Personal life
- Born: 1970 (age 55–56) Jizan, Saudi Arabia
- Main interest(s): Tafsir, Arabic language
- Occupation: Religious reformist

Religious life
- Religion: Islam
- Website: https://almaliky.org/

= Hassan al-Maliki =

Saudi Arabian Islamic scholar

Hassan Farhan al-Maliki (حسن بن فرحان المالكي) is a Saudi religious reformist thinker who was arrested in September 2017 and put on trial in October 2018 by Saudi authorities. He was arrested for a host of reasons, namely his opinions about the veracity of certain sayings attributed to the Islamic prophet Muhammad, his criticism of several 7th century Islamic figures, "insulting the country's rulers and the Supreme Council of Religious Scholars, and describing them as extremist", accusing Gulf countries of supporting ISIS, praising Hezbollah's leader, Hassan Nasrallah, "having sympathy" for the Houthi group in Yemen, and crossing illegally from Saudi Arabia into northern Yemen for research about his family origins and history in 2001, after Saudi authorities had banned him from travel abroad.

==Career and arrest==
Hassan al-Maliki, prior to his arrest, was a writer, researcher and Islamic historian. His views have been described as Quranist, moderate, tolerant, and one of opposition to the takfiri ideology. He had been arrested on numerous occasions and released, although this escalated by 2019 when Saudi prosecutors purportedly sought the death penalty against him. Saudi analysts had previously condemned him for his liberal and pro-reformation stance, particularly with regard to Wahhabism, sympathy for Houthis, criticism of several seventh century figures, and violating cybercrime law. The department which arrested him, the Specialised Criminal Court, was purportedly established to counter terrorism within the country.

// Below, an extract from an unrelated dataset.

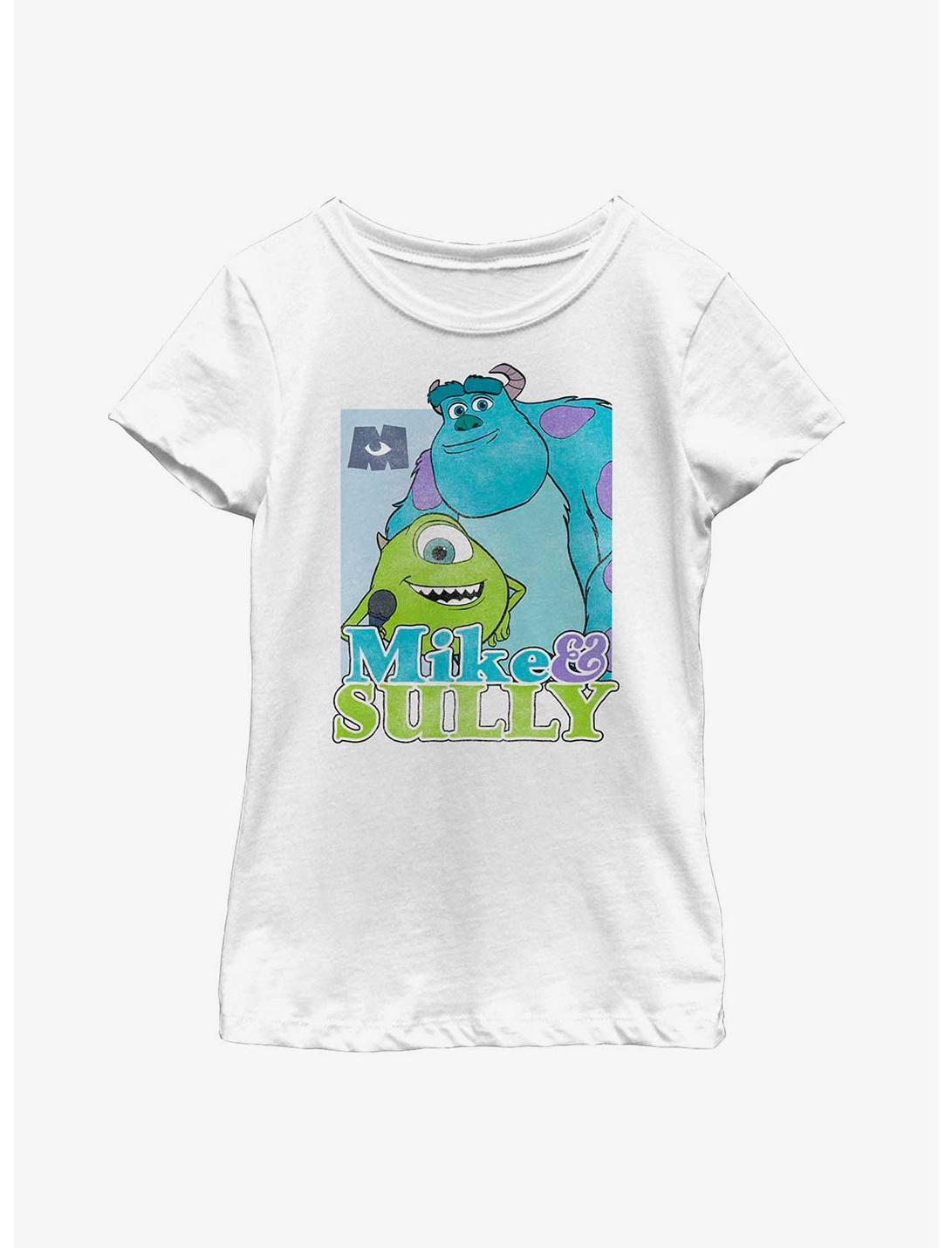 Disney Pixar Monsters At Work Mike & Sully Work Youth Girls T-Shirt, WHITE, hi-res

Hassan was arrested in September 2017; charges were brought against him a year later in October 2018. Human Rights Watch criticized the arrest as being predicated on grounds that had "no resemblance to recognized crimes." Michael Page, a HRW director commenting on the case said "Mohammed bin Salman has consistently pledged to support a more 'moderate' version of Islam while his country maintains a prosecution service that seeks the death penalty against religious reformers for expressing their peaceful ideas". In all, the court indicted him on 14 different charges.

During a message he delivered from prison, Maliki said that he was arrested by Wahhabists and religious extremists with power, and he exonerated the Saudi government from involvement in his arrest. Reports on the religious affiliation of Hassan vary, with some describing him as a Maliki Sunni, while others describe him as a Quranist, i.e. an adherent of the ahl- al-Qur'an school of thought. Maliki, described as a Quran-centric scholar, has also stated that cognizant matters and those related to obedience are according to the Quranic-oriented stance, matters postponed for the hereafter, stating that the ahl al Quran stance dictates that divine worldly penal codes are limited to murder, corruption and aggression. He has also stated that 90% of highly circulated hadiths by ulama are inauthentic, and used the phrase followers of sahaba to describe Sunnism, followers of ahl al-bayt to describe Shi'ism and used the term "shi'at al-Qur'an" to describe adherents to Quran-centric faith.